-- RECORDS TO PROCESS follows --

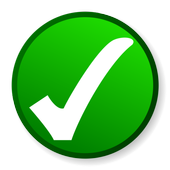 Chinese Booklet App icon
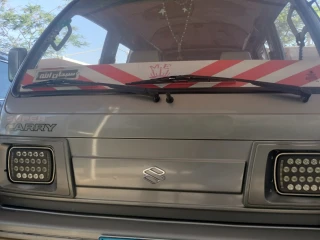 القاهره مدينه السلام
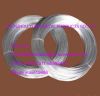 Sell Galvanized Wire Zinc 15g/m2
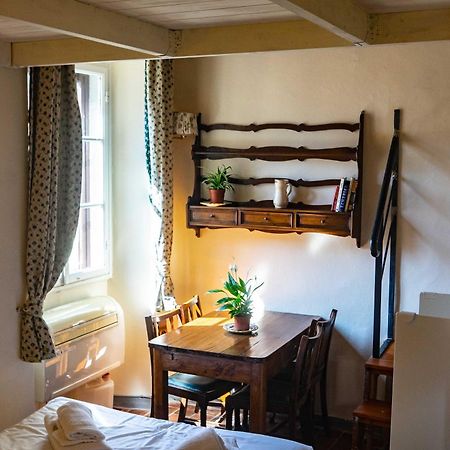Toscanella Suite フィレンツェ エクステリア 写真
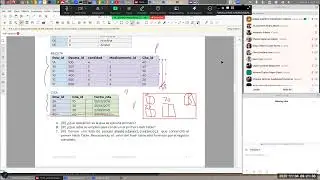 CLASE-BDD-2025-11-04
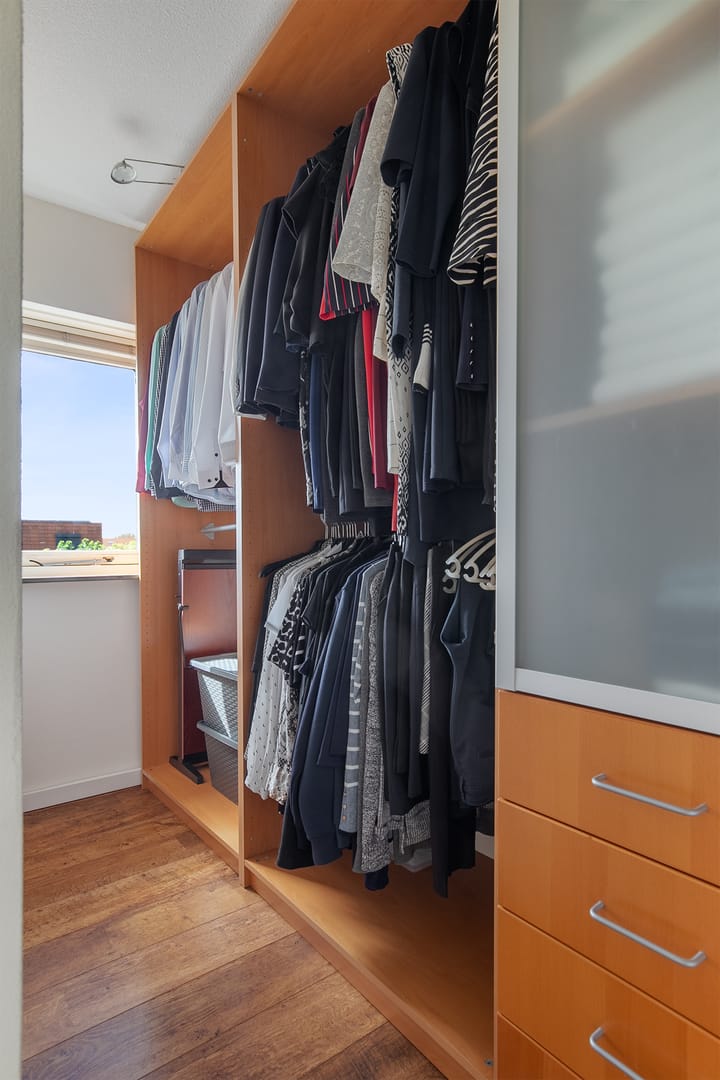 Foto 16 van Assumburg 36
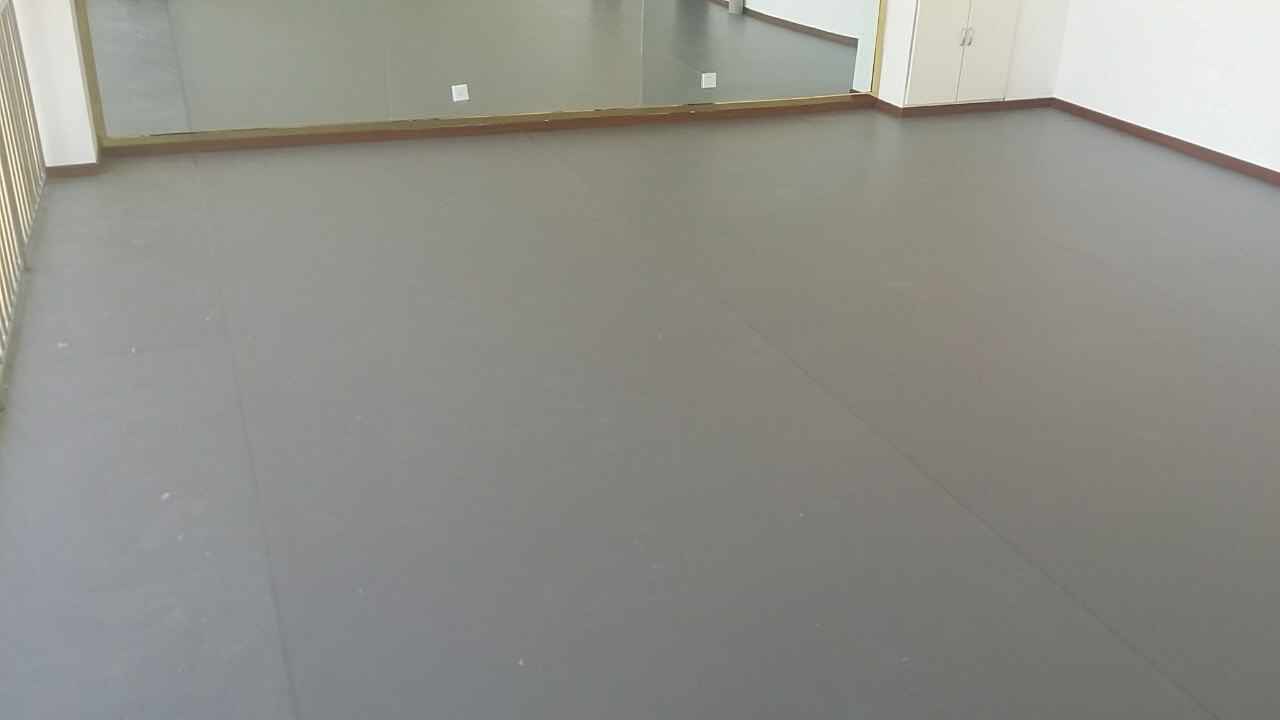 舞蹈地膠,舞蹈室地膠,舞蹈地板 舞蹈地膠,舞蹈室地膠,舞蹈地板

-- RECORDS TO PROCESS concluded --

Set aside the pictures. Then return every line of the material above verbatim.

 Chinese Booklet App icon
 القاهره مدينه السلام
 Sell Galvanized Wire Zinc 15g/m2
Toscanella Suite フィレンツェ エクステリア 写真
 CLASE-BDD-2025-11-04
 Foto 16 van Assumburg 36
 舞蹈地膠,舞蹈室地膠,舞蹈地板 舞蹈地膠,舞蹈室地膠,舞蹈地板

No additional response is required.